There was now the scent of coming victory in the air. North Africa had been turned around, the U boat menace was being dealt with, the Americans were well and truly in the war,and the Russians were not only holding Stalingrad but Von Paulus surrendered what was left of his army, worn out by the ferocity of the Russian winter and the defence of the city. The air war was now hitting Germany and Hitler’s gamble of fighting on too many fronts was now starting to coming back to haunt him.

The issue now was the coming invasion of continental Europe. England was beginning to groan under the mass of men and war materiel being built up for that day. Down Burrows Lane into Knowsley Park Sherman tanks were building up. American soldiers began to appear in increasing numbers and we would approach them with the cry of ‘any gum, chum?’ Burtonwood had a large American air base with flying fortresses, and the night and day bombing raids were underway. Flying Fortresses by day, and R.A.F. Lancasters and Halifaxes (which were replacing the Wellingtons) by night.

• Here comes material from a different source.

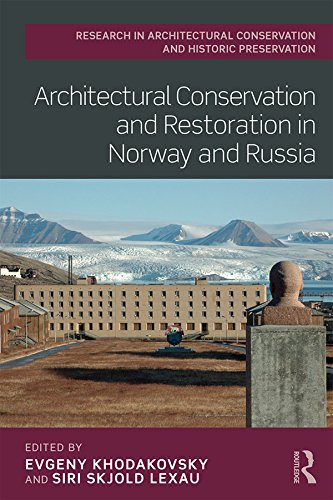 Architectural Conservation and Restoration in Norway and Russia (Routledge Research in Architectural Conservation and Historic Preservation) by Evgeny Khodakovsky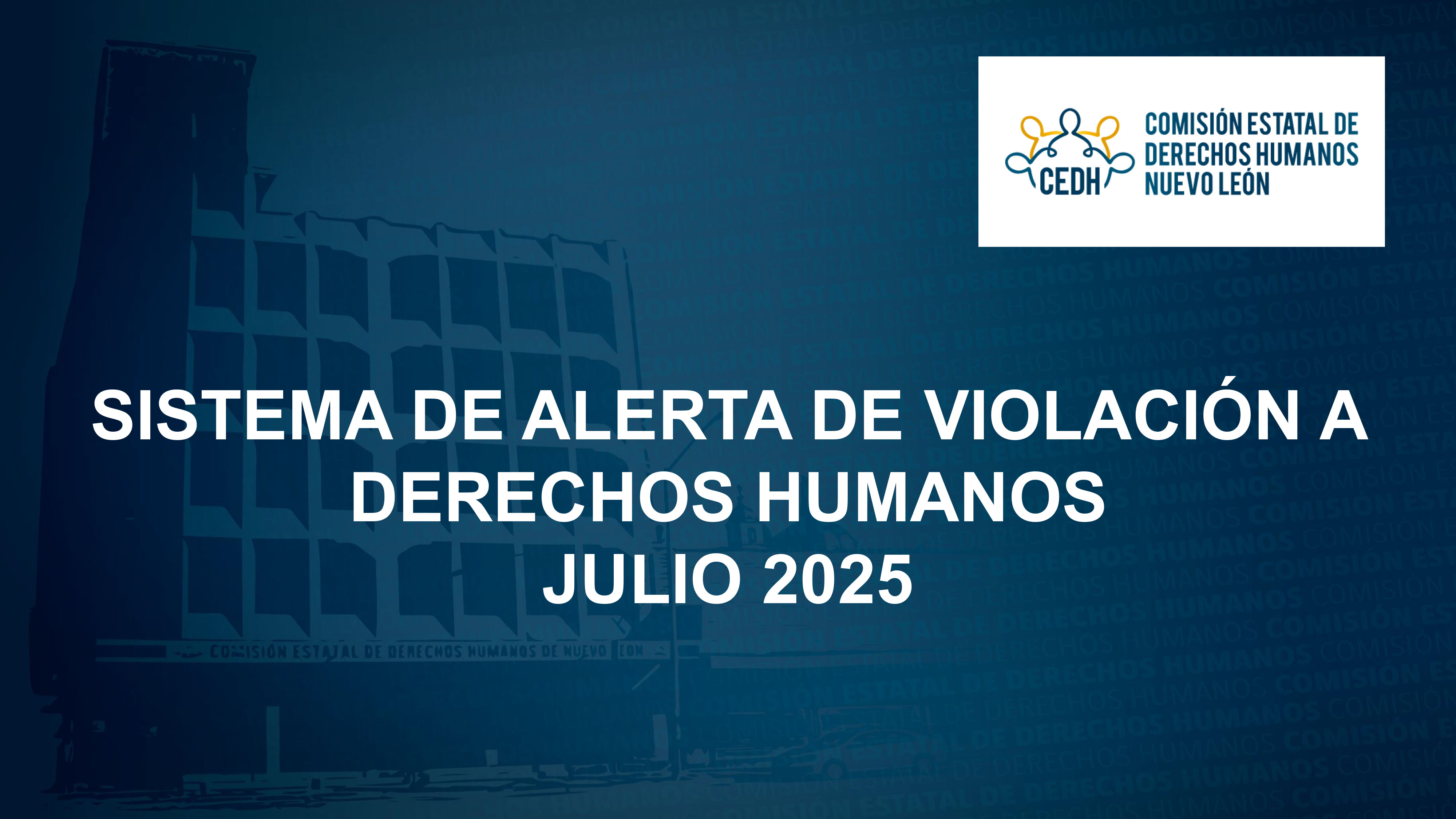 CEDHNL Sistema de Alerta de Violación a Derechos Humanos Julio 2025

The social mileu created by war and emerging from a crippling economic Depression was one which placed a new stress on equality and cooperative activity. People wanted to get away from a class ridden society, a society of ‘them’ and ‘us.’ A new politics was already in the air well before the end of the war. Rationing by other means than the purse could also apply in peace time. It could first apply to health care, and education should become more accessible and egalitarian, and idealistic pictures and expectations flourished.

Then at the beginning of June 1944 the Invasion was clearly on. The roads were jammed as tanks, lorries and the supports of invasion moved steadily down to the South of England and then on to France. That year the PGS soccer team beat Liverpool Institute 4-0 in the finals and we had a trip to Goodison Park to watch.